Dün itibariyle işe başladım. Arcayı programladık, 07:30 da kaldırdık. emdi ama çok değil, kalanı sağdım. Arabasız olduğum için 14:00 öğününe yetişemeyeceğimi düşüdüğümden buzluktan fazladan süt çıkardık. Ama biz sanıyoruz ki Arca 100 cc filan içiyordur. Neyse ofise İlker bıraktı beni, önce genel müdürle konuştum, sonra işleri paylaştırdığım 3-4 arkadaşla, en son da çıkmadan Korelilere mail attım, haberiniz ola sahalara döndüm şeklinde. Tam Arcanın emeceği 11:00 gibi çıktım eğitim odasına sağacağım sütü, amanın o da ne 200 cc çıktı!! Ben tabii Arcadan fırsat bulduğumda azar azar sağıyordum taş çatlasın 100 cc çıkıyordu 2 memeden. Allahtan bir kap fazladan götürmüşüm. Hemen Ümit ablayı aradım, bizimki çok içiyormuş, çıkardığımız sütler yetmeyecek, mızırdanır haberin olsun diye. en az 150 cc içen bebeğe 85 cc dayamışız, yazık aç kaldı tabii. Ben koşar adım yetişmeye çalıştım ama biraz daha biberondan aldı, açlıktan uyuyamamış ama hiç de hırçınlık yapmamış, anlayış göstermiş:) Sağdığımızdan biraz daha verince biraz uyudu, ben de tabii. Akşam biraz geç uyudu yine 07:30 a programladık kendisini, bugün 170 cc çözdürdük, 20 sini bırakmış. Bugün araba işi olunca 14 öğününe yetiştim. Napalım alışacak.

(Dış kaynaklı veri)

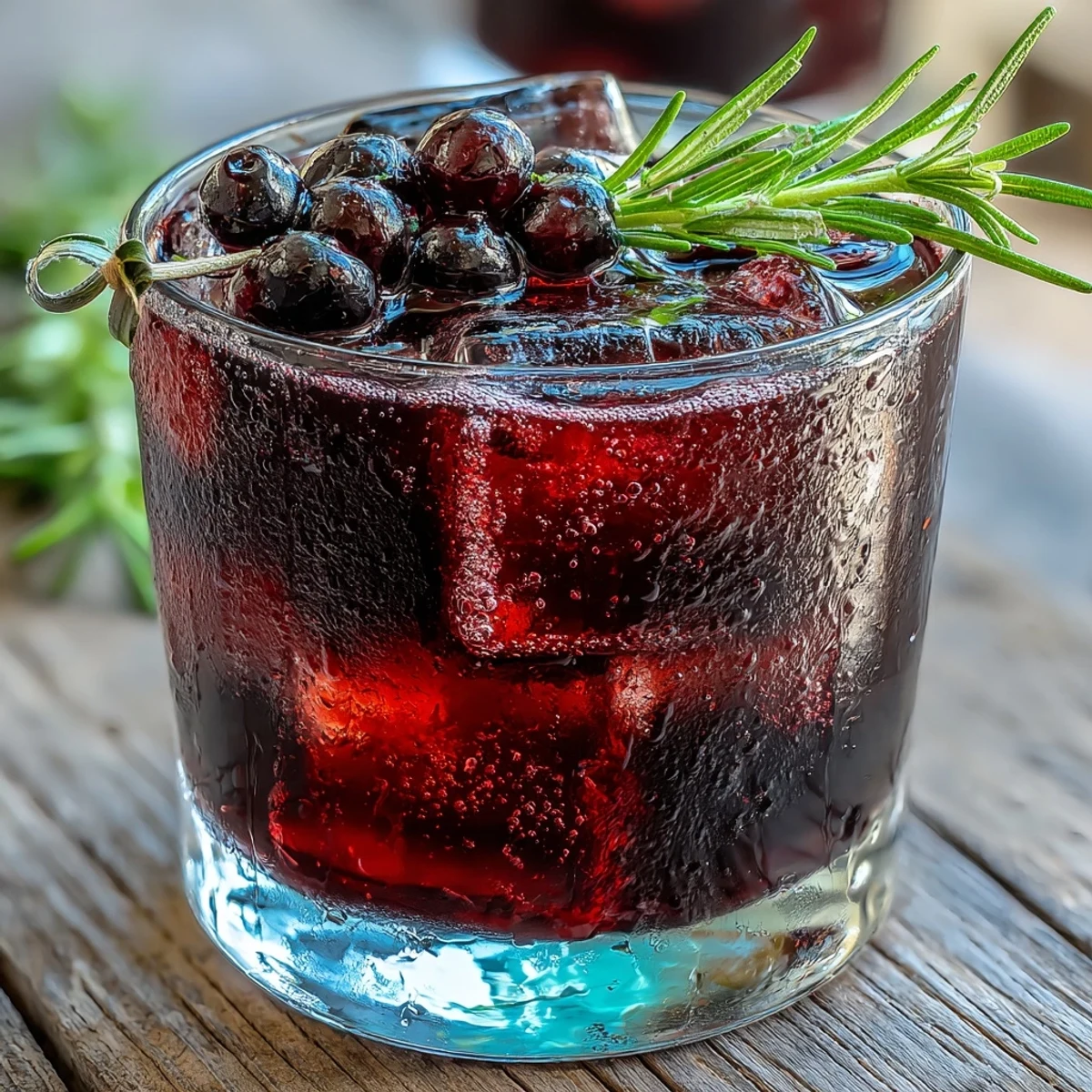 Black Currant Rosemary Cocktail garnished with a fresh rosemary sprig, served over clear ice in a chilled rocks glass.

Ya ben? Dün 3-4 defa aradım evi, gözüm arkada değil kesinlikle sadece Arcadan haber alasım var. Gözümün önünde ağzını kocaman açarak gülüşü... hiç gitmiyor. Son bir aydır maillerimi evden takip ettiğim için bir mail yığılması da yaşamadığımdan ilk günüm sakin ama Arcayı çok özleyerek geçti. Bugünse geldiğimi haber alanlar sayesinde epey yoğundum. Yine süt sağdım, umarım hergün eksiksiz sağabilirim. Yine gözümün önünde Arca ve gülüşü ama biraz daha alıştım. Sendromu atlatmama yarım günün faydası oluyor, bu gerçek! Sonra içim rahat, bebişimin evinde Ümit teyzesiyle mutlu olduğunu biliyorum, yani kısacası bunlar hep telkin sözleri ama hayat devam ediyor.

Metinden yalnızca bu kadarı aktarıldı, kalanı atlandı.